#### PROBLEM:
Starting from the first line below, count every line holding the word "Radio", then state the total alone.

#### TASK DATA:
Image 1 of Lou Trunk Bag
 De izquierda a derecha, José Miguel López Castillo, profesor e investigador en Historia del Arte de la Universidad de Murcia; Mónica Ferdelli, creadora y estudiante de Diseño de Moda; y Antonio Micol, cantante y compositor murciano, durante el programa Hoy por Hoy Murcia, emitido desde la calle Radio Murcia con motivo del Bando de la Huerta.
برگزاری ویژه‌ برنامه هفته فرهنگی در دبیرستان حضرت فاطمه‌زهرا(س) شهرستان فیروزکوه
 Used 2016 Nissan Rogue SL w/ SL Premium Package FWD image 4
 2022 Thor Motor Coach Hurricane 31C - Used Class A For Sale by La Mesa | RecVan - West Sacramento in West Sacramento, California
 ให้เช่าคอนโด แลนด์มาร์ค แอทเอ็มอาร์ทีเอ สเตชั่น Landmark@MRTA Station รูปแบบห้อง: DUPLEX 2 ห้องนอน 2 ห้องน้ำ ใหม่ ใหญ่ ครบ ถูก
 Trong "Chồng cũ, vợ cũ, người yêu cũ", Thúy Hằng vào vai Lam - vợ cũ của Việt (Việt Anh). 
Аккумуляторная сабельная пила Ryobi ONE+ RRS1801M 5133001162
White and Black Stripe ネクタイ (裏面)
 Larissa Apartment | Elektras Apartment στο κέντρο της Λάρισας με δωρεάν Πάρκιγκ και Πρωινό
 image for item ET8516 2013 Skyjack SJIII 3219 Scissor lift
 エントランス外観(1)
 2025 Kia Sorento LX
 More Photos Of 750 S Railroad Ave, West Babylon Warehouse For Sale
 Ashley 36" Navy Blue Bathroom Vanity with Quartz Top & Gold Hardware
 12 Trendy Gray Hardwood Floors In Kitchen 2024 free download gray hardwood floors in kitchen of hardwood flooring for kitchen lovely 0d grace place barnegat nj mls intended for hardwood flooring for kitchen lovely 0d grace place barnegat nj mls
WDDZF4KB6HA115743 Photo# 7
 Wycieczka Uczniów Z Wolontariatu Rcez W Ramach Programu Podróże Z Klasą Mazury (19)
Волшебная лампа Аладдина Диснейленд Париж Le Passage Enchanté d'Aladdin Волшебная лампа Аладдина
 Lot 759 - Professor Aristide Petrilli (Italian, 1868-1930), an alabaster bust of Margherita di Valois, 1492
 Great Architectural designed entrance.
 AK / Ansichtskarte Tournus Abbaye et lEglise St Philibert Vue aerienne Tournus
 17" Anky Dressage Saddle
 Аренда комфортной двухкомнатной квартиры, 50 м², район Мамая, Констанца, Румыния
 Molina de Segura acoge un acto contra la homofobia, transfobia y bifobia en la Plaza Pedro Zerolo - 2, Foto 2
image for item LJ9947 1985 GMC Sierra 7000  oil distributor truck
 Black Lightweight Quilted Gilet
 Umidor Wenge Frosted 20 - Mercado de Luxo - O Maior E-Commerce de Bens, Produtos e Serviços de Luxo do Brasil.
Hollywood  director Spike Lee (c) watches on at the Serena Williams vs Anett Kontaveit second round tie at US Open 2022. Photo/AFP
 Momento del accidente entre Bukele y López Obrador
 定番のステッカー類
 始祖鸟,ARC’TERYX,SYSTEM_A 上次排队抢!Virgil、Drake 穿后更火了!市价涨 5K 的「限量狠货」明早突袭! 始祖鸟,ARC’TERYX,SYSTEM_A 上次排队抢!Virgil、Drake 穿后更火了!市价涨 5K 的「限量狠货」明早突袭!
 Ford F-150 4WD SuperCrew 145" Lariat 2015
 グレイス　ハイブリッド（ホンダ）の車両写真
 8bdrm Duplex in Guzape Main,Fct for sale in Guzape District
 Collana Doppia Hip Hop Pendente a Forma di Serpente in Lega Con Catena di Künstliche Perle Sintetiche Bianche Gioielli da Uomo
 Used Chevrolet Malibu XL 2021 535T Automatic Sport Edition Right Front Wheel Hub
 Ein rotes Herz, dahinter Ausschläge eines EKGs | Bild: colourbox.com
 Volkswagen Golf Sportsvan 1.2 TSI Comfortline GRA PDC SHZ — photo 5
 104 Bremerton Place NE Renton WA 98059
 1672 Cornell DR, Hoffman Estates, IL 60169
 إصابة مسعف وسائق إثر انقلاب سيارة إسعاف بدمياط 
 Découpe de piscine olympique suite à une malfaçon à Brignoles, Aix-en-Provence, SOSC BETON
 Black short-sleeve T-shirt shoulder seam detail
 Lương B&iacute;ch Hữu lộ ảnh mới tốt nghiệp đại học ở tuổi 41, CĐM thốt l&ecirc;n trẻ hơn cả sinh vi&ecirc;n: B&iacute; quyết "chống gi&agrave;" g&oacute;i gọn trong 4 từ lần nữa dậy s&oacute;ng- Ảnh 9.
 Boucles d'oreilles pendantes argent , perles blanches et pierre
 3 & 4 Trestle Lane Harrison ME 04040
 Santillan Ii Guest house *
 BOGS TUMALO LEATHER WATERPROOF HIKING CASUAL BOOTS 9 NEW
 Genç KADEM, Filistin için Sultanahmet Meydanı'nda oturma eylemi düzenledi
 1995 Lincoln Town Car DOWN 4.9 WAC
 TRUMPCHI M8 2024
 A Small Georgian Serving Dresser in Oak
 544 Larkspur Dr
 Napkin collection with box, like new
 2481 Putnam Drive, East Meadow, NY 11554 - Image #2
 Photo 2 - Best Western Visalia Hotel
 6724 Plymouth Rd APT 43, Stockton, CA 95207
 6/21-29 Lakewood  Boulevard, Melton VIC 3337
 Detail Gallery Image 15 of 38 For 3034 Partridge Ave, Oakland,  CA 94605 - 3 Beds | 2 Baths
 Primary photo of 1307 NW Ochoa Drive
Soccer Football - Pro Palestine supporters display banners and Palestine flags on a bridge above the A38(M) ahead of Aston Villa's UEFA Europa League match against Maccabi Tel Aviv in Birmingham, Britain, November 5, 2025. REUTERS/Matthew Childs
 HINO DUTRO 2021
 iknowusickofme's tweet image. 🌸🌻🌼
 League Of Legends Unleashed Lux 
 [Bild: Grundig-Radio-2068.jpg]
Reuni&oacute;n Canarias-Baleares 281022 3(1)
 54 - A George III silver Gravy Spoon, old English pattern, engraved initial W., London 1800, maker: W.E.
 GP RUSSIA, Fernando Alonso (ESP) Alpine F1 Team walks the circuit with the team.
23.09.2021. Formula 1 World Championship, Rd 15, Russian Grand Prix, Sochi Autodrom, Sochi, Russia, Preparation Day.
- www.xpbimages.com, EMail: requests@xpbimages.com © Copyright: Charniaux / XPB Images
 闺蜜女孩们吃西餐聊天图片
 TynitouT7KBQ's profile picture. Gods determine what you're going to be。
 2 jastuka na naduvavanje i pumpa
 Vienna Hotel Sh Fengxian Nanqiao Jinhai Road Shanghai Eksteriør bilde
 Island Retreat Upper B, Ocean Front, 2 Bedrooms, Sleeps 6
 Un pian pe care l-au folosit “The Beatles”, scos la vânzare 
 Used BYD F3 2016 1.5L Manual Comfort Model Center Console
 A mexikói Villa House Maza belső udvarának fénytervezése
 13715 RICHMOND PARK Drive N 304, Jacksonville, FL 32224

#### EXPECTED OUTPUT:
2